I want the nice color...but I don't want it overpowering...is it possible to acheive both?

Thanks...


----------



## chef jimmyj (Jun 10, 2012)

Apple will be milder than the Blend though it is good. If you let the Bacon Rest it will mellow. The color comes mostly from the the build up of smoke on the surface so I don't know of a good way to get light smoke and color. I have heard that some types of wood give more intense color, not sure but I think it was using Pecan or Alder that gives more color faster...JJ


----------



## diggingdogfarm (Jun 10, 2012)

Sub-80 said:


> My bellies have been dry-curing for 4-5 days now...so smoking isn't far off.
> I know the 'how much smoke' question is a subjective one.  Some like it really smoky...others want to taste the smoke but not have it overpowering the bacon.  I'm probably in the latter group.
> Perhaps I'm thinking about this now because I just finished my first batch of cold smoked cheese and the smoke smell was overwhelming upon completion.  I sort of expected this, since the research I did informed me to seal the cheese and wait for smoke to mellow...up to 4 weeks or longer (so say less time)
> Is this waiting process also necessary for bacon to allow the smoke to mellow? It's not essential, but the bacon improves with time. I've seen pictures of beautiful bacon that has been cold smoked for hours...and I love that red bark appearance.  But I also wonder if those beautiful bacons were made by those that love a real heavy smoke flavor. It does require some time for cold smoked bacon to acquire a lot of color.
> ...


----------



## sub-80 (Jun 10, 2012)

Thanks JJ and DDF

Maybe I should just light the one end and go for shorter times to start.  I guess you can always add smoke, but it's harder to take it away.  And I think I'll stick with the milder apple for this round of bacon too...

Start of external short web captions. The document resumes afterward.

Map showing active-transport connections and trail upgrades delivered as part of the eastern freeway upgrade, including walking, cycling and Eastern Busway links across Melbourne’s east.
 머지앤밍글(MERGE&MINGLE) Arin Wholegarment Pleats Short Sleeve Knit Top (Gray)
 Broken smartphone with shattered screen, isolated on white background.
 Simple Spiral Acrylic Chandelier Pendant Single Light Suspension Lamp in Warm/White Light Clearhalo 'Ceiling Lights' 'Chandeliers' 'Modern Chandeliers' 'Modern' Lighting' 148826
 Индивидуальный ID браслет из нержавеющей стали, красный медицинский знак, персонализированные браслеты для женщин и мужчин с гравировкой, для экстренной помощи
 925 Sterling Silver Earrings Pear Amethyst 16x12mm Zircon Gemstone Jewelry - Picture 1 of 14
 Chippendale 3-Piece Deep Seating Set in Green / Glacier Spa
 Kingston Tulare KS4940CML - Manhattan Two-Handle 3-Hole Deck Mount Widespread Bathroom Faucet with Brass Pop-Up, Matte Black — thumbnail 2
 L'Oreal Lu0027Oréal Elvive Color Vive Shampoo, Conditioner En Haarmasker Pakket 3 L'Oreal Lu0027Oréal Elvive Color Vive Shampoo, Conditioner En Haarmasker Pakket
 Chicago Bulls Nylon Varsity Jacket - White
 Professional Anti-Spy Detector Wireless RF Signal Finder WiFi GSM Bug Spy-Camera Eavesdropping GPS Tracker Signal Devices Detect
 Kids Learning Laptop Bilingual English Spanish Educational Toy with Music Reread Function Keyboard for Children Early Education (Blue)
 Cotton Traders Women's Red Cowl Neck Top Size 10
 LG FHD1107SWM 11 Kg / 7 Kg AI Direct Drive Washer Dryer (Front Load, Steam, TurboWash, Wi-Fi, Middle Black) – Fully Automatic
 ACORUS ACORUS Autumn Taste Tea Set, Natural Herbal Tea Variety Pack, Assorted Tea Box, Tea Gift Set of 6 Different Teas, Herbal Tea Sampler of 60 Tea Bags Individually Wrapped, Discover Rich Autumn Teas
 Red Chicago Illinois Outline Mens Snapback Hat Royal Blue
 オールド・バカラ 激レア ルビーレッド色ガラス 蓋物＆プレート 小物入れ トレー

I know most purests in the bacon smoking world seem to prefer the cold smoking method to hot (with the exception of Ruhlman).

I wonder if there is any logic to cold smoking for 2-3 hours...then an additional couple hours with some (not a lot) of heat added.  I wonder if this would aid in color.  I'm using a weber kettle.  I've heard of some that just light a couple coals to add heat.  Ive also heard of some starting cold and gradually increasing the temp of the chamber to about 125 (I know fat would be rendering at this point so I guess it wouldn't 'officially be a cold smoke).


----------



## diggingdogfarm (Jun 10, 2012)

I sometimes smoke sausages for several hours and then bump up the temperature to 140 for a couple hours for color...them on to poaching or steaming, but really the color is only for looks. Flavor is what I'm most interested in.


~Martin


----------



## sub-80 (Jun 10, 2012)

DiggingDogFarm said:


> I sometimes smoke sausages for several hours and then bump up the temperature to 140 for a couple hours for color...them on to poaching or steaming, but really the color is only for looks. Flavor is what I'm most interested in.
> ~Martin



Agreed Martin...flavor is the most important end goal.  And I suppose when it's sliced you don't notice the exterior as much anyway.  

The selfish side of me wants it to look beautiful like the ones I've seen...the take a picture and show the old man on fathers day (this is where your sliced bacon came from...'look what I did).  But at the end of the day, that's just being silly I guess.

But I also wanted to be able to cook some up for him on Fathers Day (as a taste) after our round of morning golf...while we were waiting on the bone-in ribeye dinner.  He doesn't know I'm doing this for him...and I wanted to be able to be there when he tried it the first time...instead of giving him some vac sealed packs and telling him to wait to try.  Poor planning on my part...live and learn.


----------